Single by REO Speedwagon

from the album You Can Tune a Piano, but You Can't Tuna Fish
- B-side: "The Unidentified Flying Tuna Trot"
- Released: May 1978
- Recorded: 1977–1978
- Genre: Rock
- Length: 3:49
- Label: Epic
- Songwriter: Kevin Cronin
- Producers: Kevin Cronin, Gary Richrath, Paul Grupp

REO Speedwagon singles chronology
| "Ridin' the Storm Out (live)" (1977) | "Roll with the Changes" (1978) | "Time for Me to Fly" (1978) |

= Roll with the Changes =

1978 single by REO Speedwagon

"Roll with the Changes" is a song written by Kevin Cronin that was released on REO Speedwagon's 1978 album You Can Tune a Piano, but You Can't Tuna Fish. It was also released as the lead single from the album and reached number 58 on the Billboard Hot 100.

==Background==
Cronin wrote "Roll with the Changes" after the release of REO Speedwagon's 1976 album R.E.O., for which Cronin had rejoined the band after a four year absence. He was inspired by a trip he took when the band moved from Illinois to California. He said that "I’m just driving along and started singing to myself, 'keep on rollin', keep on rollin', roll with the changes...' I didn't realize I was doing it, and I was like, 'Oh, wow, this is cool,' and some lyrics started coming to me and the next thing I know I’m steering with my knees." He eventually pulled over and wrote down the lyrics.
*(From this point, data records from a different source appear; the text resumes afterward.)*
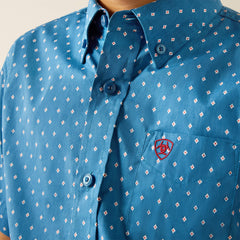 Ariat Scott Classic Fit Shirt Kids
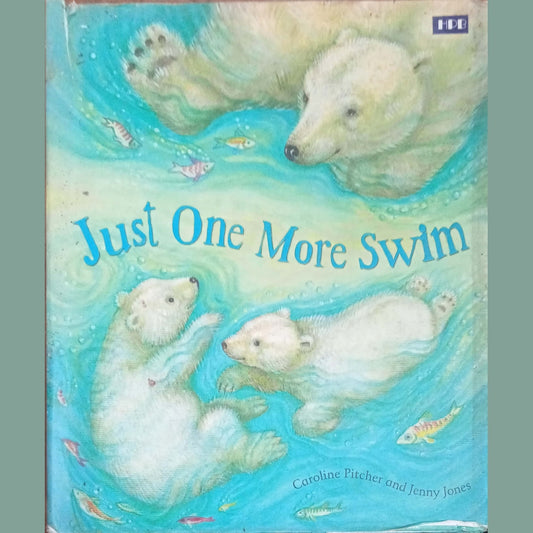 Just One More Swim (HDD)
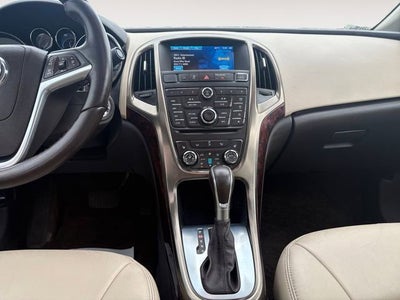 2016 Buick Verano Leather Group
He said that the song was autobiographical in the sense that "not only geographically but personally, emotionally I was rolling with the changes right about then."

When Cronin first presented the song to REO Speedwagon guitarist Gary Richrath, he was concerned that the song didn't have a chorus, but Richrath felt that it did. On Christmas Day 1977 while the rest of the band took the day off, Richrath recorded electric guitar solos that were used as fills between verses and for the intro and outro. Cronin added an acoustic rhythm guitar part that engineer Paul Grupp recorded to sound like a percussion instrument.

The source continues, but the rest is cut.